Chroniques

par katy oberlé

Un giorno di regno | Un jour de règne
dramma giocoso de Giuseppe Verdi

Festival Verdi / Teatro Giuseppe Verdi, Busseto
- 10 octobre 2018
Le Festival verdi de Parme 2018 affiche une rareté : Un giorno di regno...
© roberto ricci

Retour en Italie, pour mes premières chroniques de cette rentrée lyrique, en commençant par le très charmant petit théâtre de Bussetto où l’on donne une rareté. Un an a passé depuis l’émerveillement dans lequel nous avait laissés le Festival Verdi de Parme [lire nos chroniques des 28 et 30 septembre, ainsi que du 1er octobre 2017]. Si la précédente édition présentait, en collaboration avec le Concours international Voix verdiennes comme c’est également le cas aujourd’hui, un grand classique du maître [lire notre chronique du 29 septembre 2017], les équipes du Teatro Regio de Parme et du Teatro communale de Bologne s’attellent, depuis le 28 septembre, au Verdi buffo mal aimé d’Un giorno di regno. À partir d’une pièce d’Alexandre Duval (1767-1842), Le faux Stanislas (1809), adaptée en livret par le fameux Felice Romani, le compositeur, sous l’impulsion de l’imprésario Bartolomeo Merelli, écrivit un opéra en deux actes dont la création eut lieu à la Scala le 5 septembre 1840. L’échec fut tel que la maison suspendît les représentations tout de suite après la première ! Cette incursion du jeune musicien hors du modèle serio ne supporte guère la comparaison avec le maître incontesté du genre qu’était alors Rossini. Bien qu’on puisse lire depuis que ce four pourrait être dû à de mauvais choix de distribution et un manque de préparation, il n’empêche, cela continue de faire flop, malgré toute la bonne volonté à l’œuvre ce soir.
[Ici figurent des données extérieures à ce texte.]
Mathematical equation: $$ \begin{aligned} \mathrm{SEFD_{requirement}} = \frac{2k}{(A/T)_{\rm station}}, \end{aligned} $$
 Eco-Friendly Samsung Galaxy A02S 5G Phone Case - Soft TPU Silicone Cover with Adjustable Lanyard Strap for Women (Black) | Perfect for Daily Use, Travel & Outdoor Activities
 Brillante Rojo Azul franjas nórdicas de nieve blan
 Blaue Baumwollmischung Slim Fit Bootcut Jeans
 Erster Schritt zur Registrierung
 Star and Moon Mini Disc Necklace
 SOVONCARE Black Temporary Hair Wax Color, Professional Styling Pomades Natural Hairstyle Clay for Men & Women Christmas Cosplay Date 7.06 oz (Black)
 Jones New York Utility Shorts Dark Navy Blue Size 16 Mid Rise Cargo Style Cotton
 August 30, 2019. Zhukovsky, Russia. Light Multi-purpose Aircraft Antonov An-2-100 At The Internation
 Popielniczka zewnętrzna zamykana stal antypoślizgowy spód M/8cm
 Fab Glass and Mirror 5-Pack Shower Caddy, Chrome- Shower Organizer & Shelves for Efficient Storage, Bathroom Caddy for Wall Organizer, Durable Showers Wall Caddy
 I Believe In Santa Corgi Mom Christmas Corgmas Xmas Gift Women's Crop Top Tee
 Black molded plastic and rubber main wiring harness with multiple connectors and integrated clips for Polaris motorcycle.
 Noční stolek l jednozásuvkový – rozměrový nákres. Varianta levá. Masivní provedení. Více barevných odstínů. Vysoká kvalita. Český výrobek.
Et à parler casting, celui du jour caractérise facilement les protagonistes de ce dramma giocoso. Le jeune ténor Andrea Schifaudo brûle les planches en Comte d’Ivrea vif et ductile. Son collègue de tessiture ne le lui cède en rien : Rino Matafù offre au personnage de Delmonte un timbre lumineux, un chant vaillant et une de ces présences dont aucune femme ne se lassera jamais ! En affairiste autosatisfait La Rocca, le baryton-basse Matteo D'Apolito montre un timbre solide. Le ténor slovène Martin Sušnik livre un Edoardo di Sanval d’une appréciable clarté servi par un phrasé de pure élégance qui donne envie de l’entendre dans le répertoire français. La toute jeune Diana Rosa Cárdenas Alfonso, mezzo cubain à peine révélé dont la qualité de la voix, le charisme et le talent promettent beaucoup, se joue sans problème de la partie de Giulietta di Kelbar. Premier prix au Concours Città di Busseto, Gioia Crepaldi dispose d’un soprano agile et puissant : sa Marchesa del Poggio satisfait musicalement, bien qu’il manque encore un peu d’abatage à l’artiste pour occuper la scène. On retrouve le grain velouté du baryton Giulio Mastrototaro en Barone di Kelbar très attachant [lire nos chroniques des 29 juillet et 11 mars 2018, du 4 février 2014 et du 18 février 2011]. Enfin, le rôle du Cavaliere Belfiore, alias Stanisław Leszczyński, est magnifiquement incarné par Michele Patti : d’un baryton brillant, corsé même, il mène le jeu et séduit tout son monde [lire notre chronique du 10 août 2017]. Dans l’ensemble, les chanteurs s’amusent et se démènent sans compter pour défendre l’entreprise.

Préparé par Andrea Faidutti, le chœur s’en sort haut la main, tandis qu’en fosse l’Orchestra del Teatro comunale di Bologna mérite les louanges pour sa tentative d’animer la partition verdienne de cette vivacité propre au genre bouffon. À sa tête, Francesco Pasqualetti soutient et stimule efficacement la représentation, sans parvenir à convaincre quant à l’intérêt véritable de l’ouvrage. Plusieurs fois salué pour la grande qualité esthétique de ses mises en scène [lire nos chroniques de Dido and Æneas, Francesca da Rimini, Sakùntala et Norma], Massimo Gasparon qui signe également les costumes, les décors et la lumière, reprend un projet original du grand Pier Luigi Pizzi, qui date de deux décennies. Sans doute fut-il assez difficile de transposer l’emphase pizzienne dans les petites dimensions du Teatro Verdi de Busseto ! Plutôt que d’y voir un obstacle, Gasparon parvient parfaitement à en faire une qualité en s’appuyant plus sur le jeu que sur la scénographie. La présence d’un étal de jambons de Parme ajoute à l’aventure une touche rafraîchissante et un brin d’autodérision.